Study material —
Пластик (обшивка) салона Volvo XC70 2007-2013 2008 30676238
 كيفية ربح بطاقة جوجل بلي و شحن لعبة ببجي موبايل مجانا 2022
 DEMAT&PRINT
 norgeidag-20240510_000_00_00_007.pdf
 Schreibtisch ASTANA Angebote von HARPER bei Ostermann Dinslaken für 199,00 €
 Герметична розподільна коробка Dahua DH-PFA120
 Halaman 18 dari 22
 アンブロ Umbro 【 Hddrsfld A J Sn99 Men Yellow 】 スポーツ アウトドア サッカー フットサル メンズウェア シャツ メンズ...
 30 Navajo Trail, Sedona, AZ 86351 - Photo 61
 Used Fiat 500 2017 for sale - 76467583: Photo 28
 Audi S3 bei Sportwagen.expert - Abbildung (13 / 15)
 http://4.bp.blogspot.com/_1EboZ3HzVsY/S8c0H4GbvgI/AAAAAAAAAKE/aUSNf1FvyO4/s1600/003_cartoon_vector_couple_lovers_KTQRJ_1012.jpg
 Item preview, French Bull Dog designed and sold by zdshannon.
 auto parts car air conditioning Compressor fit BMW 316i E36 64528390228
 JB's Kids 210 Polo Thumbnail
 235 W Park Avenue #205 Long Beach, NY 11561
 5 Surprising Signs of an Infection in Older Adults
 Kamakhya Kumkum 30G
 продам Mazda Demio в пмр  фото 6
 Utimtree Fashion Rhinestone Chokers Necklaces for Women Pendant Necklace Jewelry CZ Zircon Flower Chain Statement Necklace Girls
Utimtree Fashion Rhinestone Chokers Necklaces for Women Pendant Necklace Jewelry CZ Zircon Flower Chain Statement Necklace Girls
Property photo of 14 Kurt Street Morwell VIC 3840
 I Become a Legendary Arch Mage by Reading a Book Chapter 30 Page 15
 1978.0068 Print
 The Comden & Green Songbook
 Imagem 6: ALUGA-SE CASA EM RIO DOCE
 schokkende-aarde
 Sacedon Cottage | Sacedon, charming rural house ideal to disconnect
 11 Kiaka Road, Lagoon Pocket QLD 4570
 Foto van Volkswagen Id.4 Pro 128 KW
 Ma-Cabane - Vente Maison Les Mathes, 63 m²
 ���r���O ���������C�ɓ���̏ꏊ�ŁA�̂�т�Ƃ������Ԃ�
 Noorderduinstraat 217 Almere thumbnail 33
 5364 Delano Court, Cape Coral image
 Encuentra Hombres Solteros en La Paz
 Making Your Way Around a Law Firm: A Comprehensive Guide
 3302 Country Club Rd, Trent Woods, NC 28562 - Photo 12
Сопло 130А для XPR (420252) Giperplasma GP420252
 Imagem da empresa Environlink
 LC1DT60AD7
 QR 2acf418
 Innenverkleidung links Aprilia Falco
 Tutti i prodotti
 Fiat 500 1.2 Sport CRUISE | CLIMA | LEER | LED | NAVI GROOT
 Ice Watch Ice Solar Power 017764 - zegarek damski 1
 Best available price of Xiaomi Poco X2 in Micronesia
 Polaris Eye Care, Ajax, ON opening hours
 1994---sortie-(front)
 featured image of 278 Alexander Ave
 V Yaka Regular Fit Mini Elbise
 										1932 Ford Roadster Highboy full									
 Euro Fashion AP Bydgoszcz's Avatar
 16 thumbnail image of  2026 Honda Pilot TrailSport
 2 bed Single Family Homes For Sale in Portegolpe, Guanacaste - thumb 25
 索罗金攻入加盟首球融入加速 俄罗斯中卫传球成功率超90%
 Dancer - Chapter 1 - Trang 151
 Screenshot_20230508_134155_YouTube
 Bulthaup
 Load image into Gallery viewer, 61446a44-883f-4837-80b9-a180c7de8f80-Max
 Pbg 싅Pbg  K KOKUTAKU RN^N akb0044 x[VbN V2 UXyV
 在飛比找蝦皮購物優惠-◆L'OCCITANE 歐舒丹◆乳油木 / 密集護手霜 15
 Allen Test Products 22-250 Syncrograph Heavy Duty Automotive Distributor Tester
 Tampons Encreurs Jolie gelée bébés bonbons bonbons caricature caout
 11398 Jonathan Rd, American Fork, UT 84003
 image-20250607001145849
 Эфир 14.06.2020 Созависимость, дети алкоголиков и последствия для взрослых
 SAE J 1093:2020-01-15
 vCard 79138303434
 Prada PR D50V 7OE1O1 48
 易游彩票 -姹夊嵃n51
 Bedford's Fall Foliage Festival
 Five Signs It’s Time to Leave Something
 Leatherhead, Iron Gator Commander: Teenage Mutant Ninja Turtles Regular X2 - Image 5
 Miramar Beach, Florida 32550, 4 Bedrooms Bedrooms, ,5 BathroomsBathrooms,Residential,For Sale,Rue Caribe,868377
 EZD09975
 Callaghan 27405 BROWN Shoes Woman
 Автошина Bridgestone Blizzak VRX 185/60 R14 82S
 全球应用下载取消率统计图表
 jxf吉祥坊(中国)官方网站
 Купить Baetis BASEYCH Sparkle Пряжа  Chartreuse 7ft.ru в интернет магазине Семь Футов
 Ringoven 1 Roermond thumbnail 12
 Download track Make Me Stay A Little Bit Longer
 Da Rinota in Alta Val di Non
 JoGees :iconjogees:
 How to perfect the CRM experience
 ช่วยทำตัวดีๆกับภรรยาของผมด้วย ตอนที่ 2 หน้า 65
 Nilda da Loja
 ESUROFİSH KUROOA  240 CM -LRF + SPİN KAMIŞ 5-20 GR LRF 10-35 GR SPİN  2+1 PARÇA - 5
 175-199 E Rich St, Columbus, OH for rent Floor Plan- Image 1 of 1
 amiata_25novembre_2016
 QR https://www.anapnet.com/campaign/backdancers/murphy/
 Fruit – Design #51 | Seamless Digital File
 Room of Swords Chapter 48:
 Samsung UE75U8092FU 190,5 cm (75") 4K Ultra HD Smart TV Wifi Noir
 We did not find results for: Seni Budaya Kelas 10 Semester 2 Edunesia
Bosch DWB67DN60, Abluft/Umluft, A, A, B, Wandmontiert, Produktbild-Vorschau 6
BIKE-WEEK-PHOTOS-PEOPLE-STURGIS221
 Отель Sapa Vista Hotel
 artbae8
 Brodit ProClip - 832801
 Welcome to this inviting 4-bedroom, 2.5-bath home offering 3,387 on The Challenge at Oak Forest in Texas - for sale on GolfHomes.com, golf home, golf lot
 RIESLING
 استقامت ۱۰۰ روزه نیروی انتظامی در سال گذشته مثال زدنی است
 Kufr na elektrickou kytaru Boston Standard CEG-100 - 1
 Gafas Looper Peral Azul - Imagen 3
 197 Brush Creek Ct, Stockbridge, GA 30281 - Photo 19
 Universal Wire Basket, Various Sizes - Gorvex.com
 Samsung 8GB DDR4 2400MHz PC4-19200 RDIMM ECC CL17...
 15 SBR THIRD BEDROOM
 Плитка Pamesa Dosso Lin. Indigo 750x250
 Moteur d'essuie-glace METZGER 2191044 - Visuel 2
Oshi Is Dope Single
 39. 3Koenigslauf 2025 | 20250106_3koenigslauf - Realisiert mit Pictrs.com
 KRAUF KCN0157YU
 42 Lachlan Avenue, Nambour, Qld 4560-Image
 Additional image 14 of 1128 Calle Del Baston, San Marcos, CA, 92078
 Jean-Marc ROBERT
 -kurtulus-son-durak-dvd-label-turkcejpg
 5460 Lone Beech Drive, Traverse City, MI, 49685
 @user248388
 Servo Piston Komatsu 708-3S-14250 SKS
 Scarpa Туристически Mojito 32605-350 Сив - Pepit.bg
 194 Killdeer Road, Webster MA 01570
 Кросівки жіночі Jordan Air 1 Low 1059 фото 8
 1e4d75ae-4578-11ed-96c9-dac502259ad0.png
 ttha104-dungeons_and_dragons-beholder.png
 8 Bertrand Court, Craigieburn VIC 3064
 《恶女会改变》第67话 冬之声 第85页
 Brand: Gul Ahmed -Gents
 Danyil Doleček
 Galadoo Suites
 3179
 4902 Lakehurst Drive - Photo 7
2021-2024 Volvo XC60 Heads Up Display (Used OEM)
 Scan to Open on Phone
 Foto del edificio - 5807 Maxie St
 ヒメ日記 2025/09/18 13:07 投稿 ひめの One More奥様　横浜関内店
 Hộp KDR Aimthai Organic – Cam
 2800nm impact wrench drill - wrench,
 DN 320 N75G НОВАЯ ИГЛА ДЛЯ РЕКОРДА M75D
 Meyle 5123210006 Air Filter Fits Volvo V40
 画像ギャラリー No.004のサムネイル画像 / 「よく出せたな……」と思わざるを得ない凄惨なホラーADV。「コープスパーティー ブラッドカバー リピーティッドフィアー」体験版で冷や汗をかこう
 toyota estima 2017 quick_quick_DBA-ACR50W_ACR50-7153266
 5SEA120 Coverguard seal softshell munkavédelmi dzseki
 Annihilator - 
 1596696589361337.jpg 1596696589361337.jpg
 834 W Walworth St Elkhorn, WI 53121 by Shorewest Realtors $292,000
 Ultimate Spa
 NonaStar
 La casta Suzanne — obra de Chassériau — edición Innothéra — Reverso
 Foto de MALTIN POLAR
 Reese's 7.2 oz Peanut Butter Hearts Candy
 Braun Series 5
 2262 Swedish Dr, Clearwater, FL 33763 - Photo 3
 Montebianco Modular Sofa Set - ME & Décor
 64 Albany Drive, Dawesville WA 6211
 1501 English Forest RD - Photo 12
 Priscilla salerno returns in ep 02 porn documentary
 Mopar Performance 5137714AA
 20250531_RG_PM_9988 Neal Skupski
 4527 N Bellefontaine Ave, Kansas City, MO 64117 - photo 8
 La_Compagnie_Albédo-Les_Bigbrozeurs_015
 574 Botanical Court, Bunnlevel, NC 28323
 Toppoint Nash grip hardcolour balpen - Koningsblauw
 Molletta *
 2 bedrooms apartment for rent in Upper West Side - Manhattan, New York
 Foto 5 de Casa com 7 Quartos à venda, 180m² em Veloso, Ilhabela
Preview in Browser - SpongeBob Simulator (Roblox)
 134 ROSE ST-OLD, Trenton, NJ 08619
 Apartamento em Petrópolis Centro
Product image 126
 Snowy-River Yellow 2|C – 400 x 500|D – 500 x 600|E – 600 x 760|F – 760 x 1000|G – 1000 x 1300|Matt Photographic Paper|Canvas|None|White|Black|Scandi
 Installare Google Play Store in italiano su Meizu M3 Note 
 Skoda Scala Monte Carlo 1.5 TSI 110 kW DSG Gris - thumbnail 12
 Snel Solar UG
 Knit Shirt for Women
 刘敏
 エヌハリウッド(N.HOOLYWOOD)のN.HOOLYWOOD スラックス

Required work —
Print only what lies in the material above starting at the line with "Encuentra Hombres Solteros en La Paz" and ending at the line with "Nilda da Loja", every line exactly as given.

Result of this exercise —
 Encuentra Hombres Solteros en La Paz
 Making Your Way Around a Law Firm: A Comprehensive Guide
 3302 Country Club Rd, Trent Woods, NC 28562 - Photo 12
Сопло 130А для XPR (420252) Giperplasma GP420252
 Imagem da empresa Environlink
 LC1DT60AD7
 QR 2acf418
 Innenverkleidung links Aprilia Falco
 Tutti i prodotti
 Fiat 500 1.2 Sport CRUISE | CLIMA | LEER | LED | NAVI GROOT
 Ice Watch Ice Solar Power 017764 - zegarek damski 1
 Best available price of Xiaomi Poco X2 in Micronesia
 Polaris Eye Care, Ajax, ON opening hours
 1994---sortie-(front)
 featured image of 278 Alexander Ave
 V Yaka Regular Fit Mini Elbise
 										1932 Ford Roadster Highboy full									
 Euro Fashion AP Bydgoszcz's Avatar
 16 thumbnail image of  2026 Honda Pilot TrailSport
 2 bed Single Family Homes For Sale in Portegolpe, Guanacaste - thumb 25
 索罗金攻入加盟首球融入加速 俄罗斯中卫传球成功率超90%
 Dancer - Chapter 1 - Trang 151
 Screenshot_20230508_134155_YouTube
 Bulthaup
 Load image into Gallery viewer, 61446a44-883f-4837-80b9-a180c7de8f80-Max
 Pbg 싅Pbg  K KOKUTAKU RN^N akb0044 x[VbN V2 UXyV
 在飛比找蝦皮購物優惠-◆L'OCCITANE 歐舒丹◆乳油木 / 密集護手霜 15
 Allen Test Products 22-250 Syncrograph Heavy Duty Automotive Distributor Tester
 Tampons Encreurs Jolie gelée bébés bonbons bonbons caricature caout
 11398 Jonathan Rd, American Fork, UT 84003
 image-20250607001145849
 Эфир 14.06.2020 Созависимость, дети алкоголиков и последствия для взрослых
 SAE J 1093:2020-01-15
 vCard 79138303434
 Prada PR D50V 7OE1O1 48
 易游彩票 -姹夊嵃n51
 Bedford's Fall Foliage Festival
 Five Signs It’s Time to Leave Something
 Leatherhead, Iron Gator Commander: Teenage Mutant Ninja Turtles Regular X2 - Image 5
 Miramar Beach, Florida 32550, 4 Bedrooms Bedrooms, ,5 BathroomsBathrooms,Residential,For Sale,Rue Caribe,868377
 EZD09975
 Callaghan 27405 BROWN Shoes Woman
 Автошина Bridgestone Blizzak VRX 185/60 R14 82S
 全球应用下载取消率统计图表
 jxf吉祥坊(中国)官方网站
 Купить Baetis BASEYCH Sparkle Пряжа  Chartreuse 7ft.ru в интернет магазине Семь Футов
 Ringoven 1 Roermond thumbnail 12
 Download track Make Me Stay A Little Bit Longer
 Da Rinota in Alta Val di Non
 JoGees :iconjogees:
 How to perfect the CRM experience
 ช่วยทำตัวดีๆกับภรรยาของผมด้วย ตอนที่ 2 หน้า 65
 Nilda da Loja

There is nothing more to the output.